#### What the task requires
When you reach the line with "Autumn Woolen Lace Skirt", transcribe it and each line after it through the last one below, exactly. Pictures stay out.

#### The data
━━━━━━

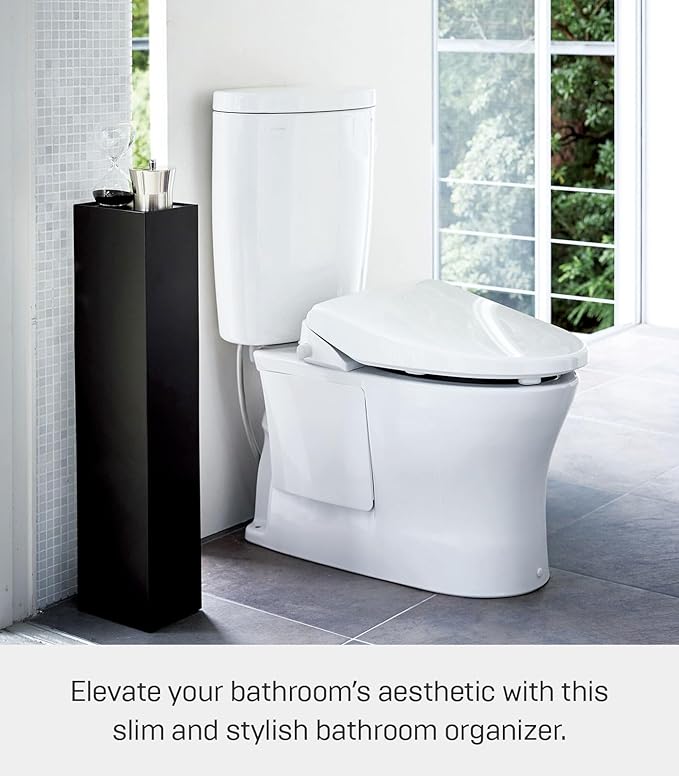 Yamazaki Home Tower Slim Bathroom Storage, Toilet Paper Stocker - Steel -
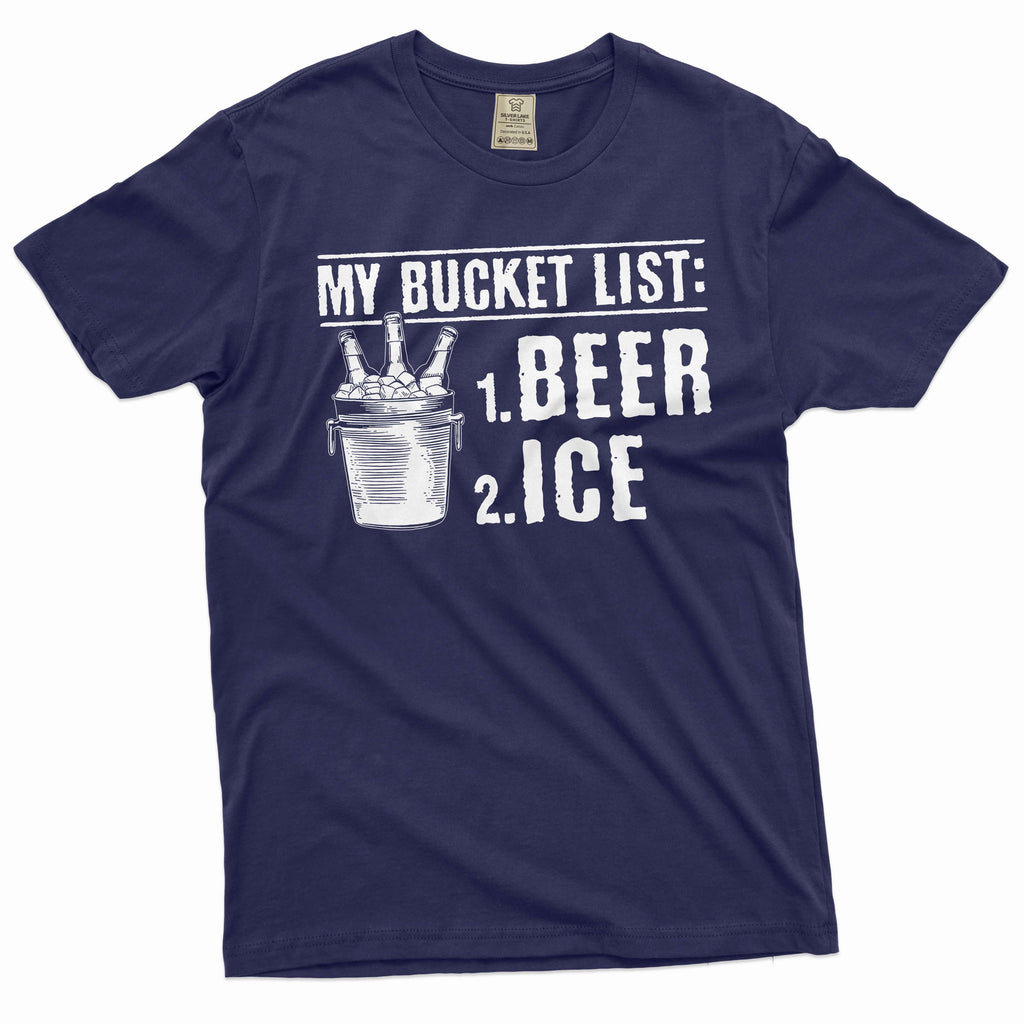 Men's funny papa grandpa T-shirt bucket list beer ice tee product image 3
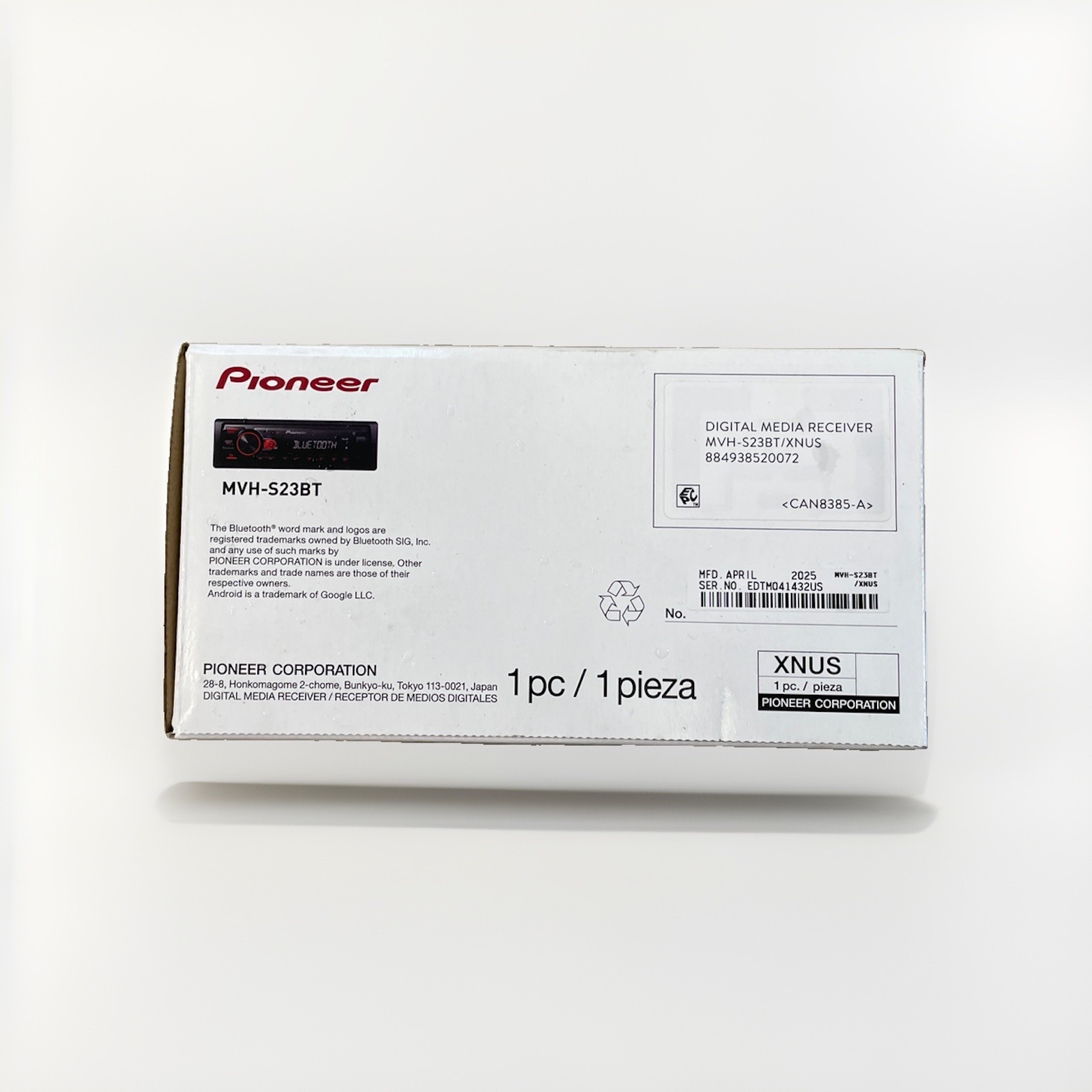Pioneer MVH-S23BT Digital Media Receiver (No CD) Bluetooth USB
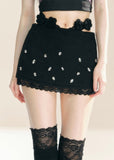 Autumn Woolen Lace Skirt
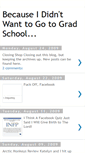 Mobile Screenshot of insteadofgradschool.blogspot.com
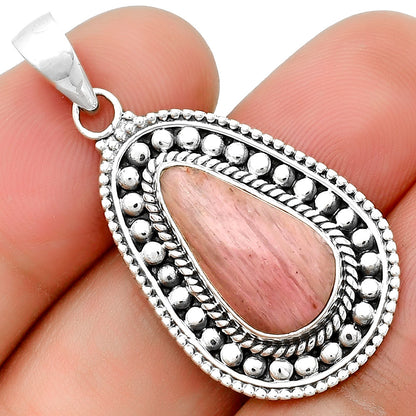 Natural Pink Tulip Quartz Pendant P-1578 SDP132613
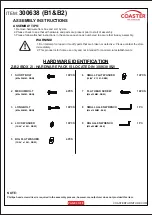 Preview for 3 page of Coaster Sadie 300638 Assembly Instructions Manual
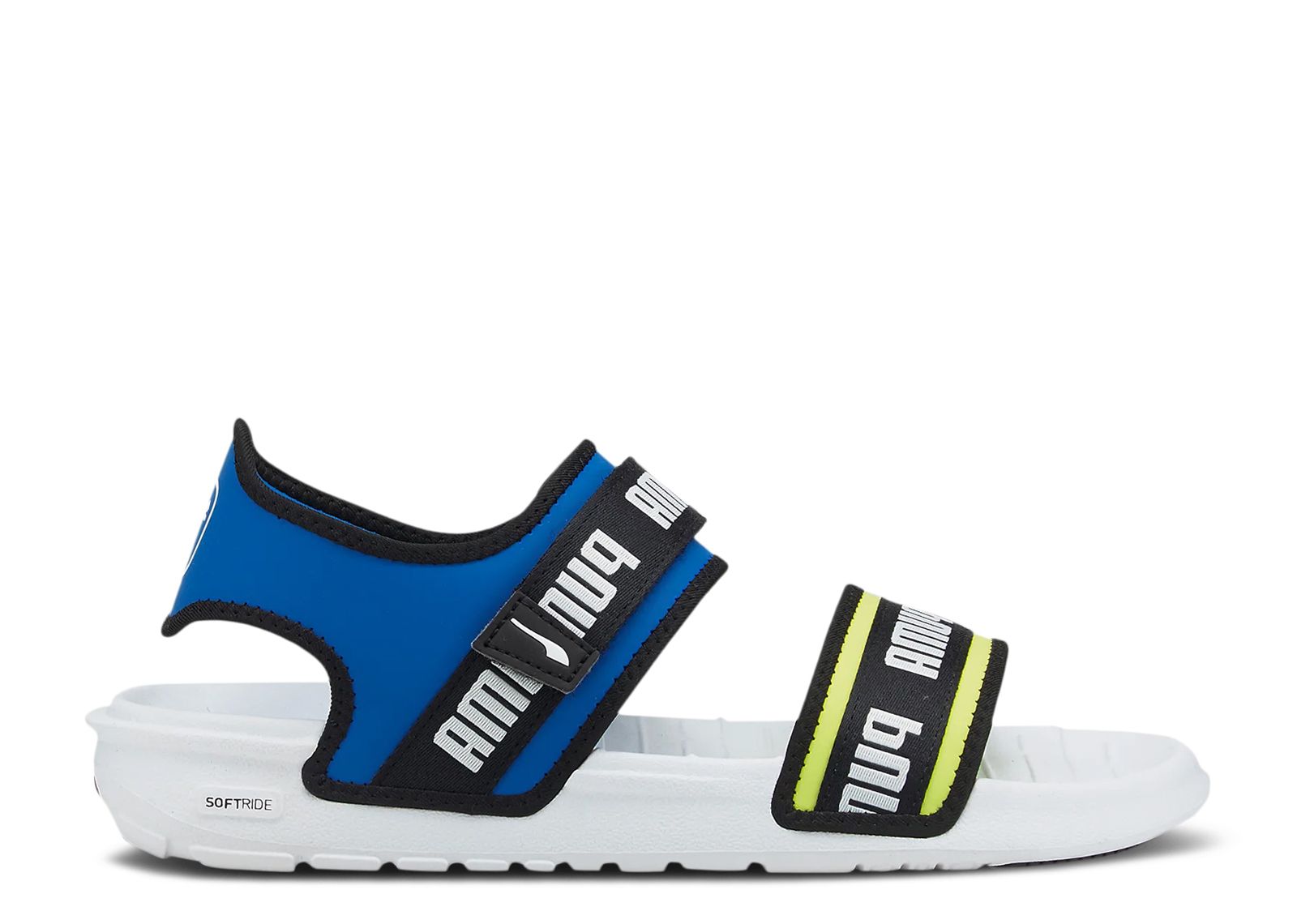 (Women) Puma Softride Slide 'Wordmark - White Royal'  384128-04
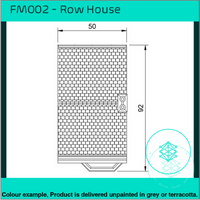 Fm002 – Terraced House Oo/Ho Scale Oo Building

━━━━━━

#### Answer section
 Autumn Woolen Lace Skirt
 Mobile Screenshot of insteadofgradschool.blogspot.com
 Natural Pink Tulip Quartz Pendant P-1578 SDP132613
 Preview for 3 page of Coaster Sadie 300638 Assembly Instructions Manual
 (Women) Puma Softride Slide 'Wordmark - White Royal'  384128-04
 Fm002 – Terraced House Oo/Ho Scale Oo Building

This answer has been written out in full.